For Immediate Release: Jan 31, 2019
Contact: Kirsten Stade (202) 265-7337
Alternative Facts on the Rise in Federal Decision Records
Trump Agencies Purging Dissenting Information from the Administrative Record
Washington, DC — As more and more Trump initiatives are challenged in court, the administrative record supporting those decisions is increasingly at issue. To reduce their legal vulnerability, federal agencies are purging administrative records to remove evidence that does not support the agency decision or reveals internal dissent or controversy, according to a new legal analysis by Public Employees for Environmental Responsibility (PEER).

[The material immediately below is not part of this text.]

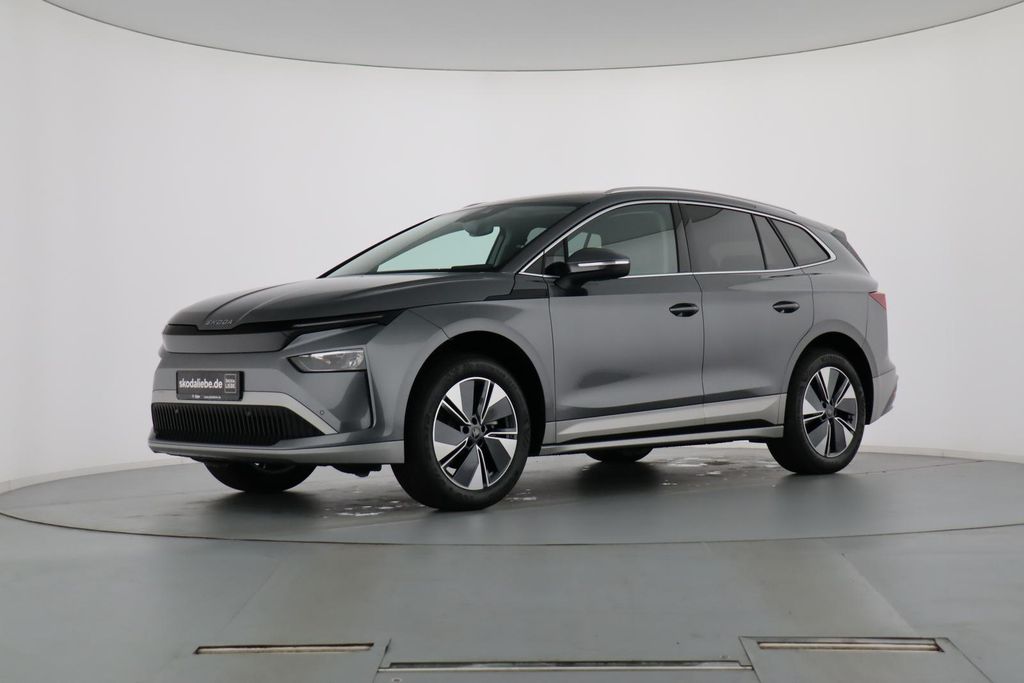 Bild des Angebotes Skoda ENYAQ 60 63 kWh 150kW 204PS _ LEISE+STARK+SMART_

“Everyone is entitled to their own opinion, but the Trump folks want their own set of facts,” stated PEER Executive Director Jeff Ruch. “The administrative record should offer more than an unobstructed view of the official talking points.”
Federal law requires agencies to compile and share “the whole record” to explain the basis for their actions. Yet the statute does not define the term. Not only are there varying court opinions outlining what the record should contain, but agencies themselves have taken different positions on what should be included.
For example, the National Oceanic & Atmospheric Administration guidance states that the administrative record “consists of all documents and materials directly or indirectly considered by agency decision-makers and includes evidence contrary to the agency’s position.”
By contrast, the U.S. Environmental Protection Agency takes the position that “materials containing solely the policy advice, recommendations, or opinions of EPA or other federal government staff that were generated as part of the internal deliberative process for formulating the EPA decision are not generally part of the administrative record.”
Under President Trump, agencies are now excluding more materials. Citing unpublished Department of Justice guidance, the U.S. Fish & Wildlife Service, in a September 6, 2018 confidential guidance document, advises “an AR [administrative record] associated with litigation on an agency decision …should not include deliberative documents.,. [because] including them in the administrative record would inhibit agency decision-making.”
“It is oxymoronic that an administrative record to enable a court to gauge the quality of official decision-making should exclude all deliberative documents,” added Ruch, arguing the scope of an administrative record should not vary from agency to agency or from administration to administration. “These restrictions serve largely to omit inconvenient facts from consideration.”
PEER is urging that the next session of Congress act to statutorily clarify what is meant by the whole record to prevent agencies from excising factual information, expert opinions, and important intra-and interagency communications, among other items, from the record.
“Congress should curb the official embrace of alternative facts,” concluded Ruch. “The whole record should be the whole record.”